ミアシャイマー)リアリストは国際政治において最も重要な要素は力だと考えます。国家がどれほど強いかが重要なのです。国家を守ってくれる国家以上の権威的組織がない国際社会では、国家は可能な限り強くなろうとします。弱いと他の国家に利用されてしまうからです。そこで勢力均衡が重要になります。リアリストにとっては、国家が民主主義国か独裁主義国か共産主義国かは重要ではありません[the balance of power matters greatly and realists believe that whether a state is a democracy or an autocracy or a fascist state or a communist state it doesn't matter]。国際社会に国家を超える権威的組織がない以上、各国は力を追い求め最も強い国になるしかないのです。これがリアリズムの基本的な考え方です。

ここで指摘しておきたいのが、西側諸国、特にアメリカと西ヨーロッパでは、リアリズムの考え方は非常に嫌われるということです。民主主義国の振る舞いは権威主義国と同じだというのがリアリズムの主張だからです。西側の「リベラルな」人たちは、"民主主義国は高貴な振る舞いをするが権威主義国はそうじゃない " と思いたがります。西側諸国の大半の人はこう考えるのです、"この世には良い国と悪い国がある"、"良い国とは民主主義国だ"と。リアリストにとっては良い国も悪い国もありません。国際社会の構造的理由により、全ての国が同じように行動するしかないのです。その構造的理由というのは特に国家を超える権威的組織が存在しないことです。

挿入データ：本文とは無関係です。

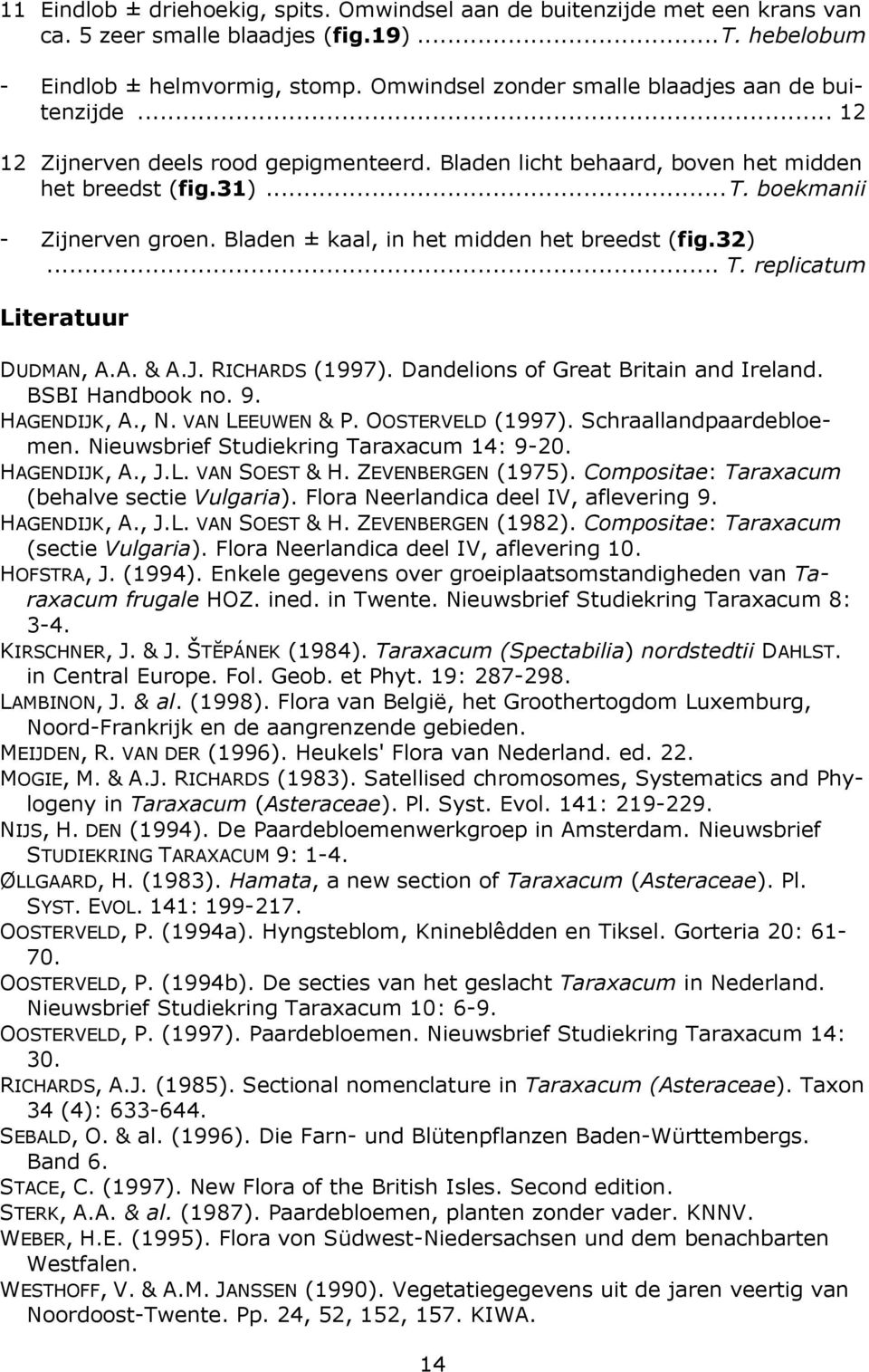 Bladen ± kaal, in het midden het breedst (fig.32)... T. replicatum Literatuur DUDMAN, A.A. & A.J. RICHARDS (1997). Dandelions of Great Britain and Ireland. BSBI Handbook no. 9. HAGENDIJK, A., N.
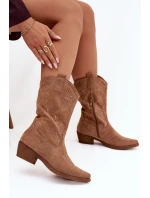 Dámské kotníkové boty cowgirl na podpatku – béžové Lovelle Dámské kotníkové boty cowgirl na podpatku – béžové Lovelle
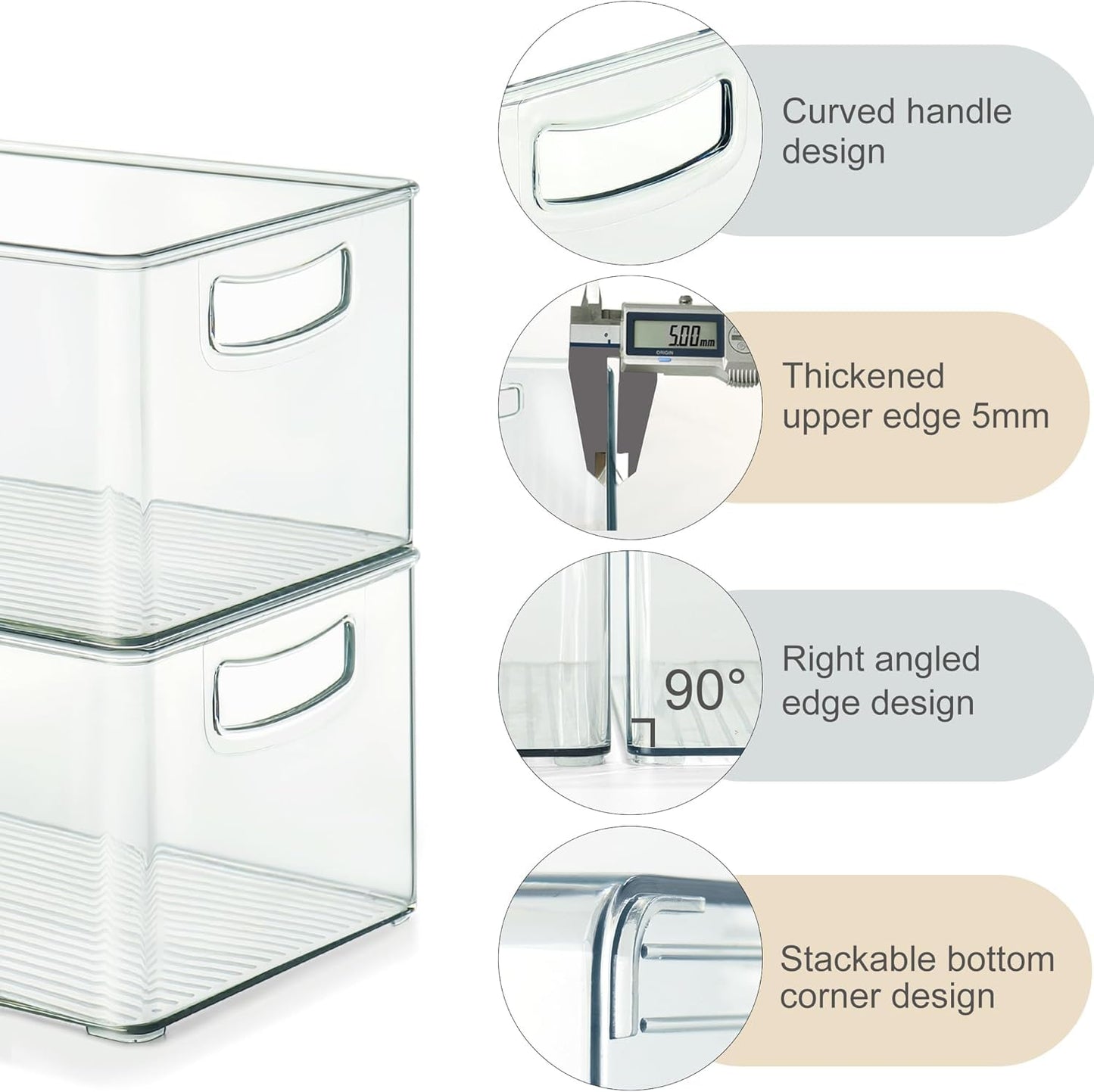 Heyuzb Set of 8 Clear Fridge Organizer Bins, Stackable Refrigerator Organizers and Storage for Fridge, Freezer, Pantry, BPA Free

重要なのは、人間本性リアリズムであれ、攻撃的リアリズムであれ、ほっとけば必ず戦争が起こる。リベラリズム/ナショナリズムであれ、自由主義/民主主義であれこの枠組みが続けば、世界戦争は必至である、ーー人間本性リアリストのニーチェは《戦争は不可欠[Der Krieg unentbehrlich]》と言っている[参照]ーー。とすれば現在の座標軸の外に出るようなオルタナティブ(alternative)の道を探らねばならない。だが現在のリアリストにはそれがない。ミアシャイマーだけでなく、例えば伊藤貫あたりにもそれを感じる。ただし彼らは現状分析はきわめて巧みだ。その点は、米ネオコン信者、リベラル覇権主義信者とは大違い。当面の妥協とは何よりもまずこの意味である。